Four years ago, Fox News reporter James Rosen wrote a story saying the CIA had learned that North Korea planned to carry out a nuclear test if the UN approved additional sanctions:
What’s more, Pyongyang’s next nuclear detonation is but one of four planned actions the Central Intelligence Agency has learned, through sources inside North Korea, that the regime of Kim Jong-Il intends to take — but not announce — once the Security Council resolution is officially passed, likely on Friday. The other three actions include the reprocessing of all of the North’s spent plutonium fuel rods into weapons-grade plutonium; a major escalation in the North’s uranium-enrichment program; and the launching of another Taepodong-2 intercontinental ballistic missile.
The Justice Department immediately launched a leak investigation, which culminated in charges against Rosen’s source, Stephen Jin-Woo Kim, an analyst at the Lawrence Livermore National Laboratory who had been detailed to the State Department. As part of this investigation, DOJ tracked Rosen’s movements and subpoenaed his phone records. Journalists are apoplectic about this, but Jack Shafer wonders just what Rosen thought he was doing:
Although Rosen’s story asserts that it is “withholding some details about the sources and methods … to avoid compromising sensitive overseas operations,” the basic detail that the CIA has “sources inside North Korea” privy to its future plans is very compromising stuff all by itself. As Rosen continues, “U.S. spymasters regard as one of the world’s most difficult to penetrate.”
Hmmm. There’s really no other way to get information this detailed except from a source inside North Korea, so it’s not clear to me that Rosen really gave anything away with that line.
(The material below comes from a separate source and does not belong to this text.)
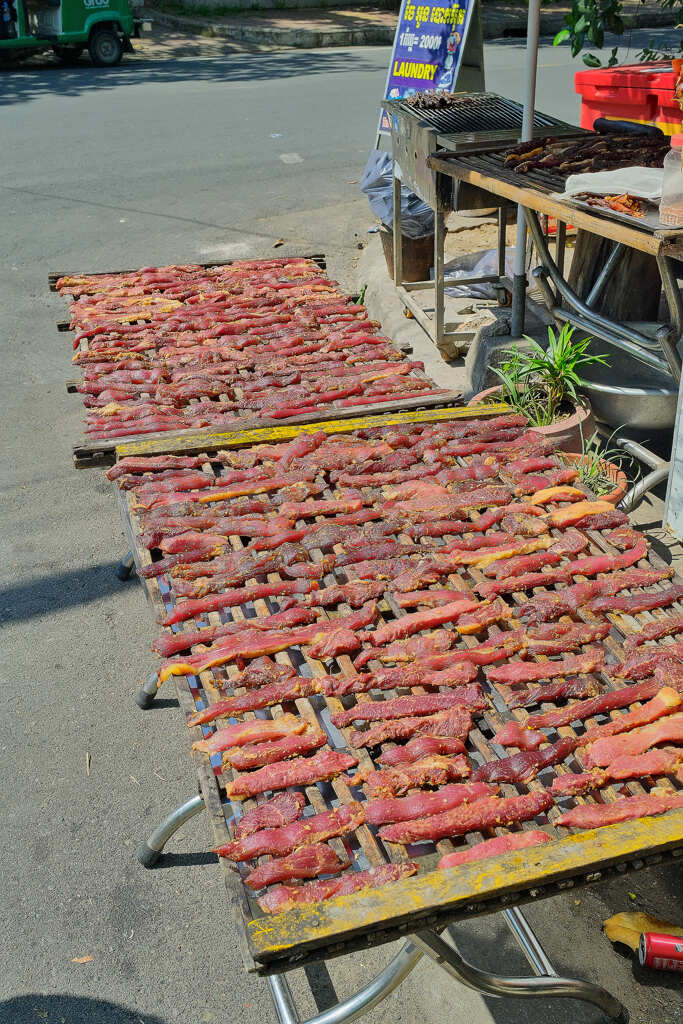 Street Food バッファローの干し肉　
At the same time, it’s not clear why Rosen published this story at all. As Michael Tomasky says:
No offense intended to Rosen, but…I don’t even see where that’s such big news. Of course North Korea was going to do something to protest a UN sanctions vote. Do what? Well, missile tests is what it’s been doing for the last several years now to scare people, so…a missile test. I mean, if I’d read that on June 11, 2009, I’d have stopped after three paragraphs and thought tell me something I don’t know. So why was the government so up in arms about it in the first place?
Tomasky’s point is that it’s outrageous that DOJ would go ballistic over a story that basically revealed nothing. But that misses the point. The story is completely uninteresting. And yet, by its very publication, it alerted North Korea to a possible mole in high places. So why would you run a piece like this? Here’s Josh Marshall:
It’s difficult for me not to be more shocked by the self-interested preening of fellow journalists over a comically inept reporter and source than the arguable dangers this episode holds for press freedoms. Indeed, I’ve tried and failed. I can’t.
I don’t like the fact that the Obama administration has been so aggressive at investigating leaks, and so aggressive at targeting reporters when they do. But it’s stuff like this that prevents the American public from sympathizing much. When they look at a case like this, most of them don’t see the government eroding a reporter’s First Amendment rights. They see a reporter recklessly divulging legitimately sensitive information and destroying a career in the process —and apparently doing it just for the hell of it.
I still don’t condone the DOJ actions in this case—especially since they basically had Kim’s confession and didn’t really need Rosen’s phone records—but at the same time I’d sure be interested in hearing Rosen’s defense. What was he thinking when he did this?